More Barrier Island Residents To Be Allowed Access [AUDIO]
Toms River officials were finally given the go ahead to allow limited access to the residents of Chadwick, Normandy and Ocean Beaches nearly two weeks after the super storm.
Two adults per household will be transported by bus in three phases that span from this today November 9th to Tuesday November 13th. However, they'll only be allowed to stay for one hour to grab essential items and then leave.
Mayor Tom Keleher says they've been taking lots of heat from frustrated residents for not allowing them to return to their homes following the storm, when other neighboring townships were allowed to enter.

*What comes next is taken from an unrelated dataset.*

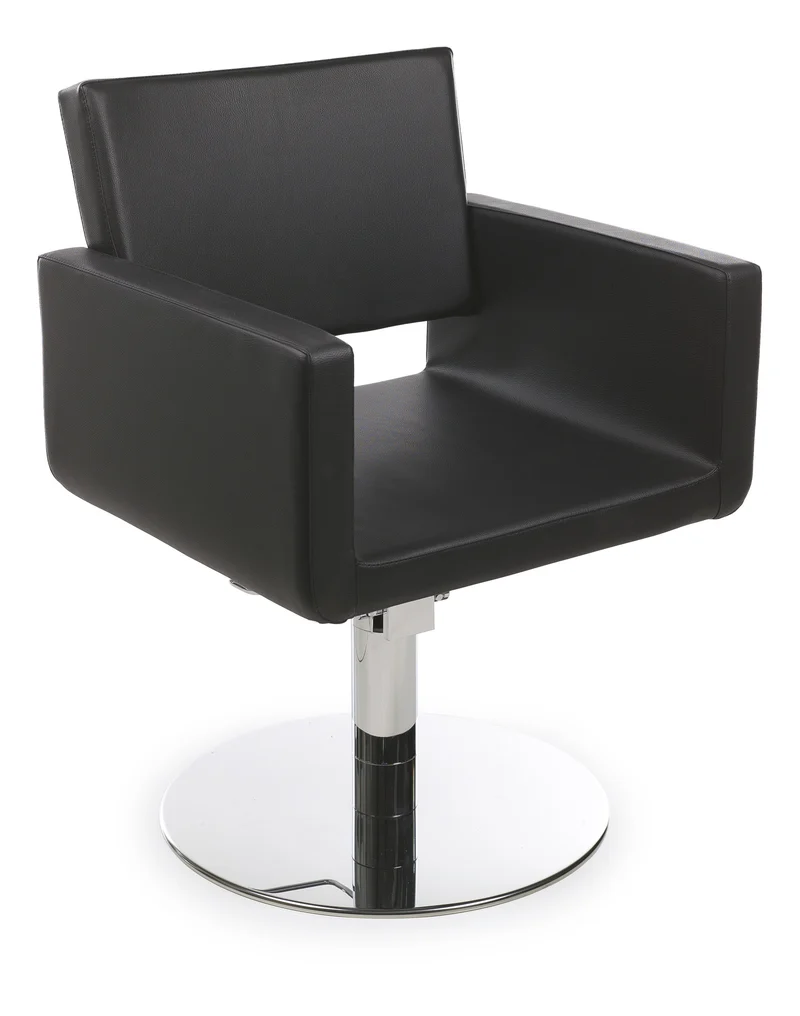 GammaStore Friseurstuhl USHAPE Q BLACK B. Roto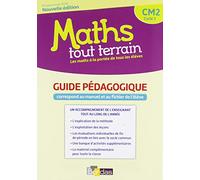 Maths tout terrain CM2 2018 Livre du maître du manuel et du fichier élève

He says access was restricted in the beach front Tom River communities because there's varying degrees of damage to the barrier communities. He says where Seaside Park and Pelican Island only suffered minimal damage .... Ortley Beach is being referred to as "ground zero". He says "the place is a shambles. Houses upside down, off their foundations, in the middle of the highway." He says Ortley Beach residents will not be allowed access because the community sustained the most severe damage.

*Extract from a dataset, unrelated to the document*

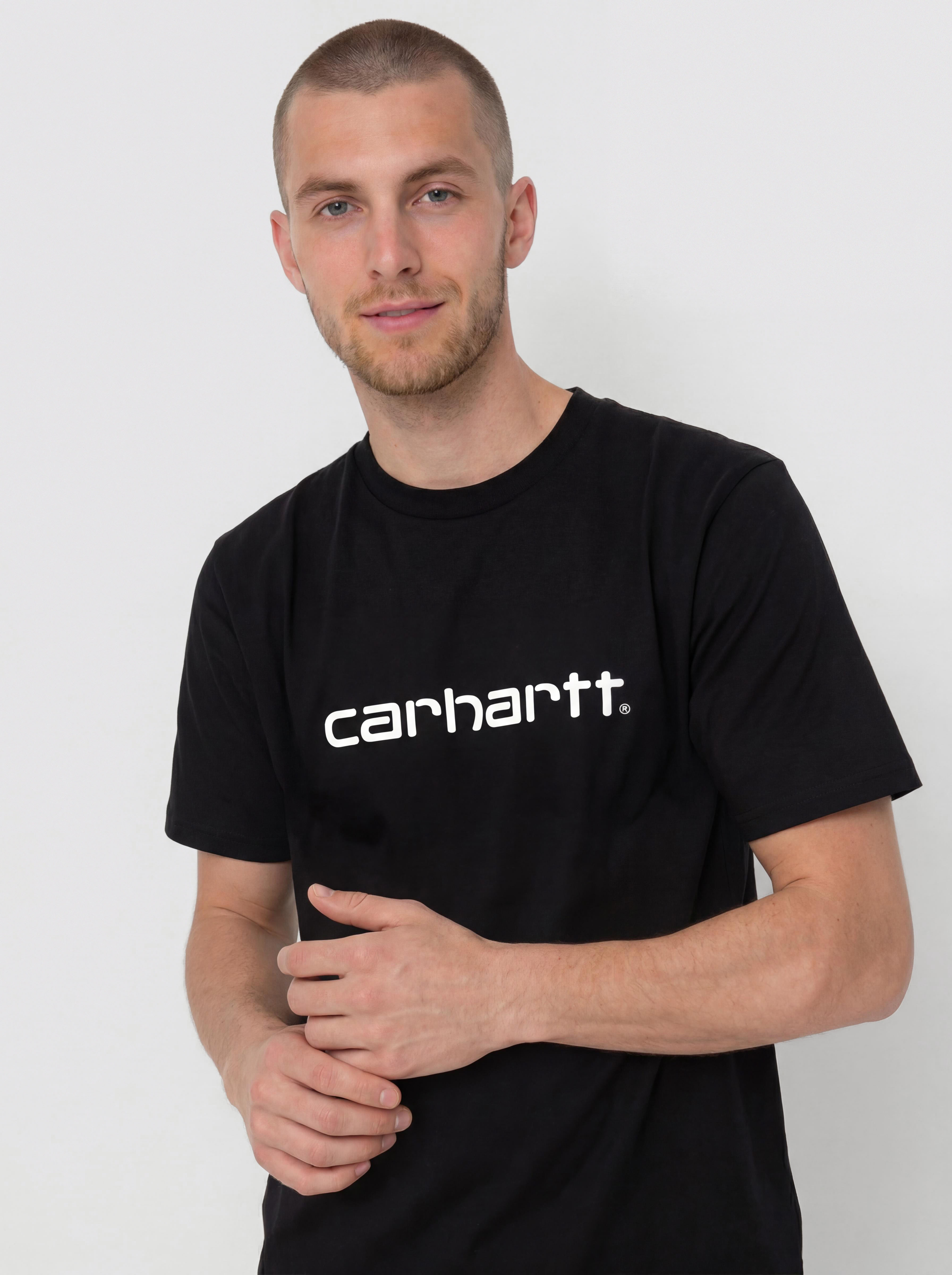 u0424u0443u0442u0431u043eu043bu043au0430 Carhartt WIP Script (black/white)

Keleher says last week, the Mayors and Police Chiefs involved with the five towns on the peninsula met to formulate a plan to allow access. He says a DOT official who attended, said they weren't going to allow any vehicular traffic north of the Seaside Heights Boundary because the water from the massive flooding destabilized the roads causing massive sink holes. "I personally saw one pickup truck, nose down in a hole with only the tailgate showing." He says the DOT plans to use ground-penetrating radar to identify and mark out the sink holes.
When asked about the future of homes on the barrier peninsula and the building codes, Keleher says that discussion is too early. He says state and federal environmental officials may get involved with construction restrictions. He says DEP Commissioner Martin mentioned that that's something they're going to have to study.

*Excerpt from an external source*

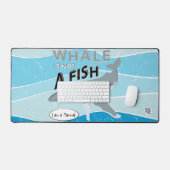 鯨は魚ではない デスクマット (キーボード&マウス)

With regard to storm evacuees ... Keleher says they're pretty much out of the emergency shelters set up at area schools. He says the last remaining evacuees have been transported to the Monmouth Park Racetrack in Ocean Port that he was told had considerable amenities like bathrooms, showers. clothes washing machines. He says a Toms River Clergy group also held a meeting with him to house some of the evacuees at their facilities.